The economic slowdown, coupled with a significant rise in interest rates, had far-reaching impacts across multiple sectors, resulting in a dampened demand for credit, stated the bank.
Deposits
On the liabilities side of the balance sheet, customer deposits surged to €9.597bn, marking a €170m increase, or approximately 1.8%, compared to 2022. This uptick was predominantly fuelled by a rise in household savings, which grew by €209m. Conversely, deposits from professional customers dwindled by €39m, representing a 1.1% decrease, owing to the challenging economic conditions.
Income
Net interest income more than doubled to €389.11m from €149.469m the previous year, indicating a remarkable growth. “The positive impact of higher interest rates was mainly due to the higher return produced on the re-investment of the bank’s liquid assets and equity capital,” stated a bank representative to Delano.
On the other hand, net commissions decreased by 2.6% compared to 2022, primarily due to lower commissions from financing activities, partially offset by higher commissions from securities placement and payment activities. Consequently, net banking income rose from €23.7m to €43.9m.
Operating costs and risk management
Operating costs increased by 6.5% in 2023, attributed mainly to higher staff costs following a 3.5% increase in the workforce and successive index-linked pay rises. As of 31 December 2023, Banque Raiffeisen employed 683 staff members.
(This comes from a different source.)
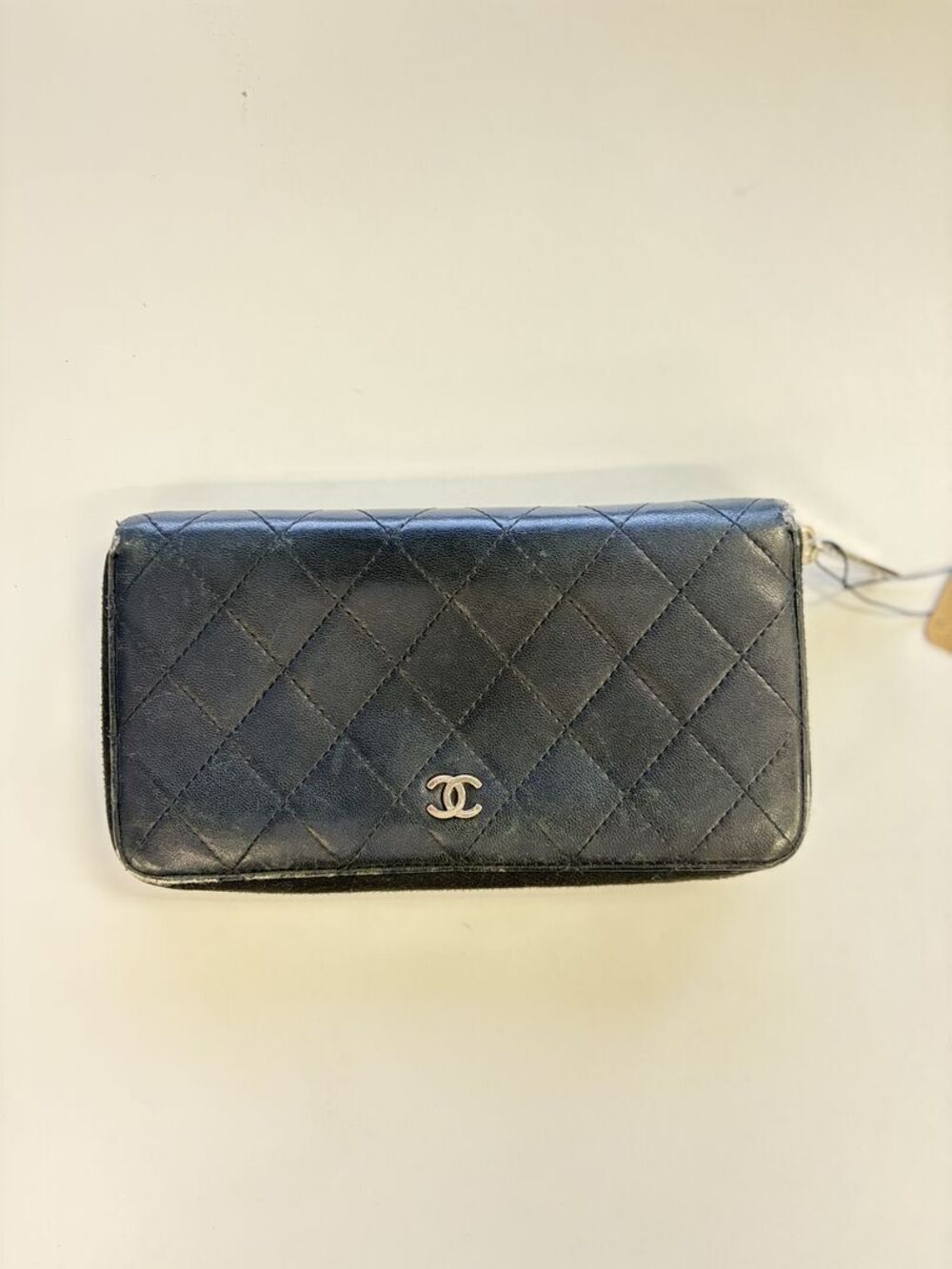 Chanel Black Quilted Lambskin CC Zip Around Wallet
The cost of risk had a notable influence on the financial outcomes of the bank in 2023. Diligent risk management strategies prompted a substantial allocation towards value adjustments on loans and advances, amounting to €53.5m, alongside an additional €10m allocated to the general banking risk fund.
Bonuses
In light of the exceptional performance, when asked by Delano about potential bonuses for staff, a bank representative clarified that the remuneration structure for Raiffeisen employees aligns with the practices prevalent in the Luxembourg financial sector. This package includes both a fixed and a variable (bonus) component, with the variable portion constituting a relatively small fraction of the overall remuneration. Specifically, for the year 2023, it accounted for less than 6% of the bank’s total wage bill, a proportion roughly consistent with that of preceding financial years.